This book examines the reputation of the Hungarian composer Béla Bartók (1881-1945) as an antifascist hero and beacon of freedom. Following Bartok's reception in Italy from the early twentieth century, through Mussolini's fascist regime, and into the early Cold War, Palazzetti explores the connexions between music, politics and diplomacy. The wider context of this study also offers glimpses into broader themes such as fascist cultural policies, cultural resistance, and the ambivalent political usage of modernist music.
The book argues that the 'Bartókian Wave' occurring in Italy after the Second World War was the result of the fusion of the Bartók myth as the 'musician of freedom' and the Cold War narrative of an Italian national regeneration. Italian-Hungarian diplomatic cooperation during the interwar period had supported Bartok's success in Italy. But, in spite of their political alliance, the cultural policies by Europe's leading fascist regimes started to diverge over the years: many composers proscribed in Nazi Germany were increasingly performed in fascist Italy.
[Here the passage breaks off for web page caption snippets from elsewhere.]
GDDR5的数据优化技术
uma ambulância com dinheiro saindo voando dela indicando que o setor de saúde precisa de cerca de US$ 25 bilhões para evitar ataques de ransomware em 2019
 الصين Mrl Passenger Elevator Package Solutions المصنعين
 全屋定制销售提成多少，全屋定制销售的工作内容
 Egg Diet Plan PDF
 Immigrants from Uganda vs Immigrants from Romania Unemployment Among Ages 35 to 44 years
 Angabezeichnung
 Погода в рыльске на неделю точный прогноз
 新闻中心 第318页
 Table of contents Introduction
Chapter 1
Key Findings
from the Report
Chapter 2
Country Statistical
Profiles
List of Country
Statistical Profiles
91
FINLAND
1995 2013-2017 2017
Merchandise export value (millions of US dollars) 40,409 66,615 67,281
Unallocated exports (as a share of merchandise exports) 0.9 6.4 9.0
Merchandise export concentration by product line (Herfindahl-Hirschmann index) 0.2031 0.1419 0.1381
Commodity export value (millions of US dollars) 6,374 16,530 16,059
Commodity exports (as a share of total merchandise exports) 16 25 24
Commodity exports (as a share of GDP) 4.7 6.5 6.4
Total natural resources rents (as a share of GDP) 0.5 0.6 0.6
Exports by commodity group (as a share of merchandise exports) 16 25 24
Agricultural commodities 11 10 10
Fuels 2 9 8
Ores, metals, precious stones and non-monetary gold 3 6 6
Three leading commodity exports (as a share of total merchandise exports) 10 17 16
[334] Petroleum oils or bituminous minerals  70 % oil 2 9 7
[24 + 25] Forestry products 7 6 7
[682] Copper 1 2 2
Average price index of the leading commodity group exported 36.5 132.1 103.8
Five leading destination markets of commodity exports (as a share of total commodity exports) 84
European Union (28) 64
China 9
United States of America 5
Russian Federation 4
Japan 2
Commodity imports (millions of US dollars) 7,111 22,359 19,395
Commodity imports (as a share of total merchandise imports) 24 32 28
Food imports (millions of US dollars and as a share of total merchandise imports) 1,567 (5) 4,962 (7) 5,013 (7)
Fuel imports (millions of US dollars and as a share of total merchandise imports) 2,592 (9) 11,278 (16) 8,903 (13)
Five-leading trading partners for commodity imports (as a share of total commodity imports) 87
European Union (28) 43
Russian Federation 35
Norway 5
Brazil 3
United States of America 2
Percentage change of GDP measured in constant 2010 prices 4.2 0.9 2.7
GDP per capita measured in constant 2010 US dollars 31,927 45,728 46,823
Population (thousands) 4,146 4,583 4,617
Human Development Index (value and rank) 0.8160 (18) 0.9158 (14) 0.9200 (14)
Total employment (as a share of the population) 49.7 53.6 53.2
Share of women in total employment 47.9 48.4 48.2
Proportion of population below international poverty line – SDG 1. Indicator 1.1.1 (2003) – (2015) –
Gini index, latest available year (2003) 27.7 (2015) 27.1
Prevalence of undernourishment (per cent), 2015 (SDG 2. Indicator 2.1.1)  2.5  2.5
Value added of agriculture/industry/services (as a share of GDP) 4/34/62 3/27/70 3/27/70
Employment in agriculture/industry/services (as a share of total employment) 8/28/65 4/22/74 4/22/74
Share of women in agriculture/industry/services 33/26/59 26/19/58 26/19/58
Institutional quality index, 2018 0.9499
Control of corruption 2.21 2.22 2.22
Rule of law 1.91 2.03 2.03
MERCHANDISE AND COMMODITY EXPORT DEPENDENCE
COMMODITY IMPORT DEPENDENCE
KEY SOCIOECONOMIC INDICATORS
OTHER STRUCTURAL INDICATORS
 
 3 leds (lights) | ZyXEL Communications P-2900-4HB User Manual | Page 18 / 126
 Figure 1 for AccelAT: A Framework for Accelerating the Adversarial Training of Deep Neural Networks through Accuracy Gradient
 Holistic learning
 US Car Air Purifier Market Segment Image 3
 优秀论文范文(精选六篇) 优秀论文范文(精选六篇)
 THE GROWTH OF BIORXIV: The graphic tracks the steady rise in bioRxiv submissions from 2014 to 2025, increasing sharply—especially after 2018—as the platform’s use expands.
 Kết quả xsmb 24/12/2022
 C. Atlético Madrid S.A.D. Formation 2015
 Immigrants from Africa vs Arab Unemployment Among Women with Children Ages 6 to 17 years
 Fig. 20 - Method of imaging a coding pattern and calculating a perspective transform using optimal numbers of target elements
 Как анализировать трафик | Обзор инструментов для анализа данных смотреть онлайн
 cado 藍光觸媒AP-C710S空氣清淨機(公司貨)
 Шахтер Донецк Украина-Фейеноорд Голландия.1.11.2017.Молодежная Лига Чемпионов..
In the early 1940s, the now exiled composer came to represent one of the symbols of the anti-Nazi cultural resistance in Italy and was canonised as 'the musician of freedom'. Exile and death had transformed Bartók into a martyr, just as the Resistenza and the catastrophe of war had redeemed post-war Italy.
NICOLÒ PALAZZETTI is a Postdoctoral Research Fellow in Music and Theatre at Sapienza University of Rome. Prior to join Sapienza, Palazzetti worked as a Teaching Fellow at the University of Birmingham, UK and as a Postdoctoral Research Fellow at the University of Strasbourg, France. He obtained his PhD in 2017 at the École des Hautes Études en Sciences Sociales, Paris.